LSTM computes three values between 0 and 1 using fully connected layers with sigmoid activation functions, which determine the input gate, forget gate, and output gate values based on the current input and the previous hidden state. The temporary memory cell values are computed using the tanh activation function and depend on how much content from the temporary memory cell the input gate adopts, while the forget gate retains content from the previous time step memory cell. The hidden state controls the output of the memory cell through the output gate. The computations are as follows:

f_{t} = σ (W_{h f} h_{t - 1} + W_{x f} x_{t} + b_{f})

(8)

i_{t} = σ (W_{h i} h_{t - 1} + W_{x i} x_{t} + b_{i})

(9)

o_{t} = σ (W_{h o} h_{t - 1} + W_{x o} x_{t} + b_{o})

(10)

{\tilde{c}}_{t} = \tanh (W_{h c_{t}} h_{t - 1} + W_{x c_{t}} x_{t} + b_{c_{t}})

(11)

c_{t} = f_{t} ⊙ c_{t - 1} + i_{t} ⊙ {\tilde{c}}_{t}

(12)

h_{t} = o_{t} ⊙ \tanh (c_{t})

(13)

where f_t represents the forget gate, i_t is the input gate, o_t is the output gate, ${\tilde{c}}_{t}$ is the temporary memory cell, c_t is the memory cell, h_t is the hidden state, W_hf, W_xf, W_hi, W_xi, W_ho, W_xo, $W_{h c_{t}}$ , $W_{x c_{t}}$ denote the weight parameters, and b_f, b_i, b_o, $b_{c_{t}}$ are the bias parameters. The architecture of LSTM is illustrated in Fig 6.

BiLSTM is an advanced form of recurrent neural network designed to handle and predict time series data. It combines two LSTM networks: one processes the sequence from start to end (forward LSTM), and the other processes it from end to start (backward LSTM). This bidirectional structure allows BiLSTM to leverage both past and future context at each time step, resulting in a more comprehensive understanding of the data. The architecture of BiLSTM is illustrated in Fig 7.

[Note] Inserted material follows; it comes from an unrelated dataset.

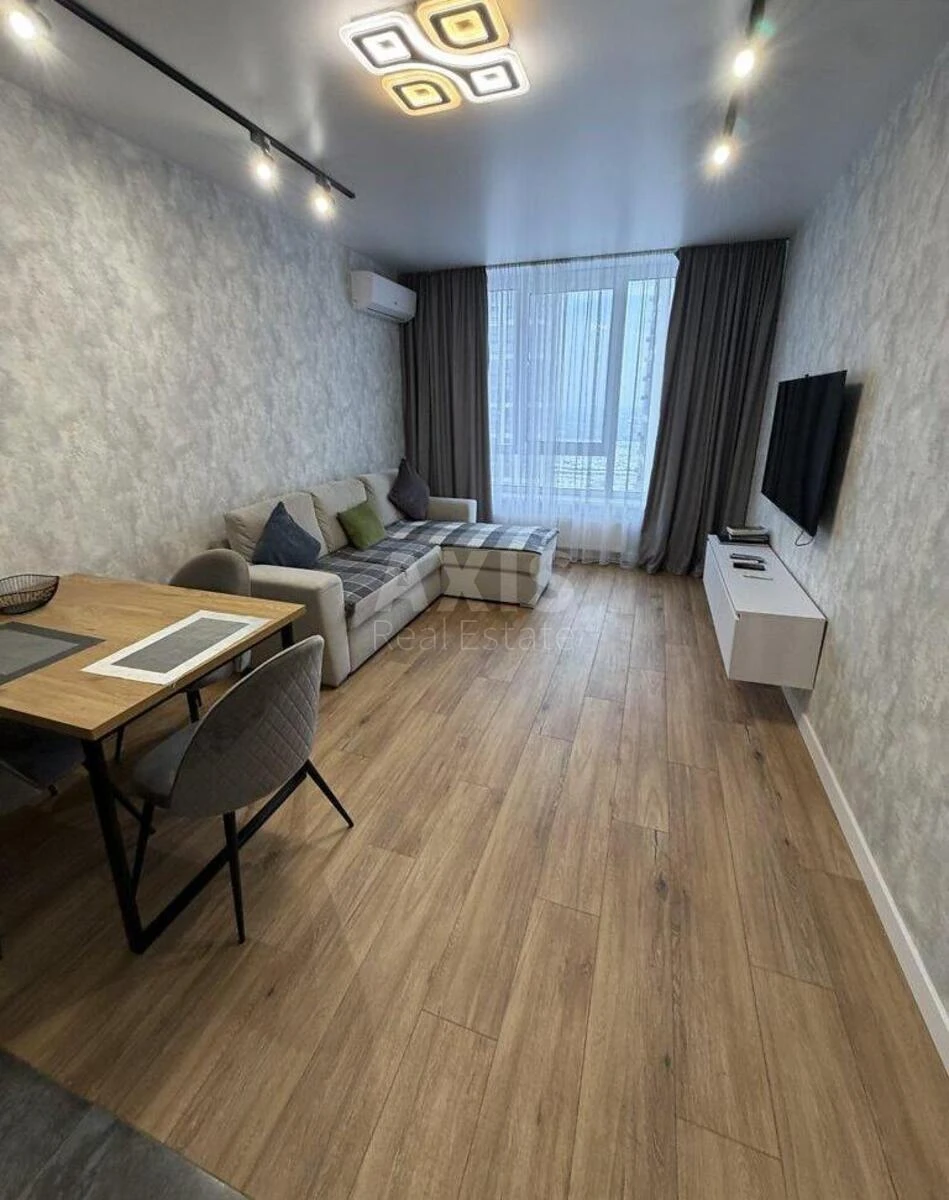 1k apartment pr-t Yevropeyskoho Soyuzu 51650600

In addition, in the BiLSTM model, the input gate is calculated by the sigmoid activation function to give the input gate value i_t, which determines how much new input information x can enter the memory unit for updating at the current time t. If the input threshold is close to 1, more new information is allowed to enter; if it approaches 0, new information is prevented from entering, thus preventing irrelevant or incorrect information from interfering with model learning and reducing the introduction of errors. The forget gate also uses the sigmoid activation function to calculate the forget gate value f_t, which is used to determine how much information c_t−1 was retained in memory at the previous instant. If the forget gate value is close to 1, more historical information will be retained; if it is close to 0, more historical information will be forgotten. This helps the model to dynamically adjust its reliance on historical information when processing long sequence corn price data, preventing outdated or erroneous historical information from continuing to influence subsequent forecasts, and correcting for errors that may be caused by the accumulation of historical information. The output gate calculates the output gate value o_t through the sigmoid activation function and determines the output h_t of the model at the current time by combining the activation function $\tanh$ with the processed storage unit information $\tanh (c_{t})$ . The output gate can select the most relevant and reliable information as the output based on the current input and memory status, thereby avoiding the output of irrelevant or erroneous information and further reducing error propagation.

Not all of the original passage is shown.